*** DATA FOR THIS TASK ***

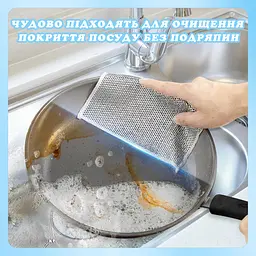 Серветка багаторазова металева з абразивною сіткою для посуду, скла та меблів (набір з 10 штук), Kitchen Master Сірий 86856 - мініатюра 7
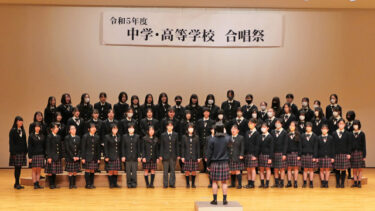 駒沢学園女子中学の生徒クチコミ「私たちの学校自慢！」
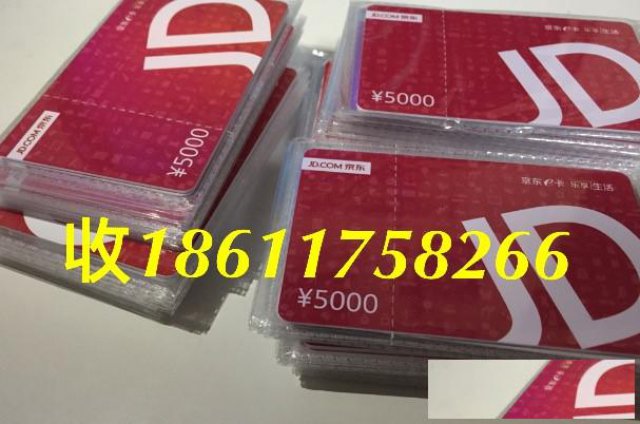 高价收购商通卡回收中欣卡回收购物卡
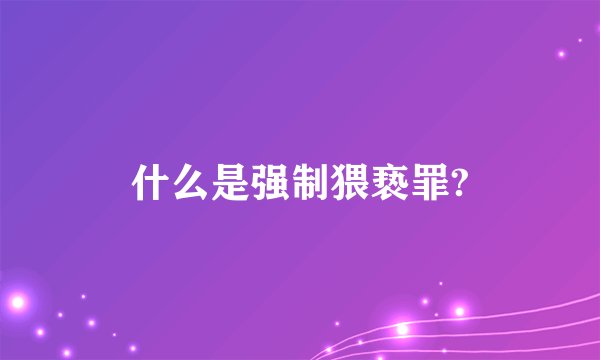 什么是强制猥亵罪?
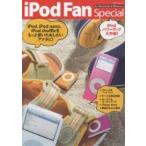 ショッピングiPod iPodFanSpecial iPodパ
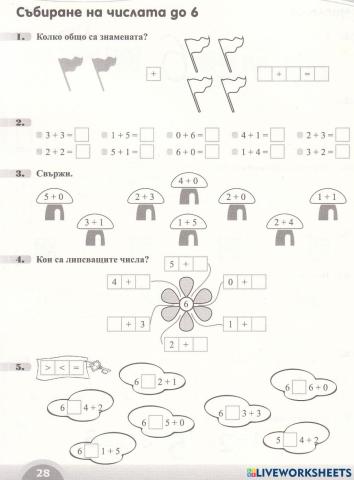 Събиране и изваждане от 1 до 6 (Вълшебното ключе)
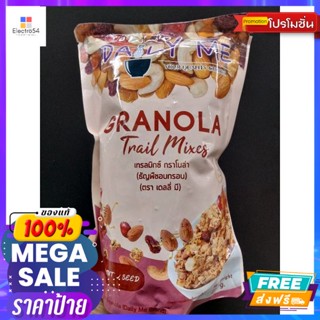 Daily Me Trail Mix Granola ธัญพืชอบกรอบ 250g Daily Me Trail Mix Granola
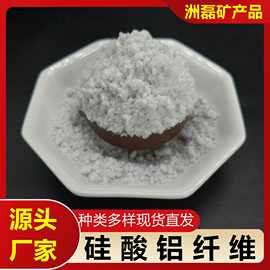 硅酸铝纤维 内外墙保温隔热 防火涂料陶瓷纤维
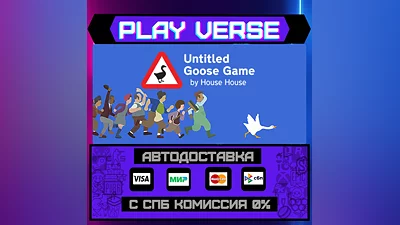 Untitled Goose Game  АВТОВЫДАЧА  STEAM GIFT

***

▸ **WORK TO COMPLETE**
From the line containing "硅酸铝纤维 内外墙保温隔热 防火涂料陶瓷纤维" to the end of the listing, restate each line word for word and nothing more; the pictures stay out.

▸ **COMPLETED TASK**
 硅酸铝纤维 内外墙保温隔热 防火涂料陶瓷纤维
 Untitled Goose Game  АВТОВЫДАЧА  STEAM GIFT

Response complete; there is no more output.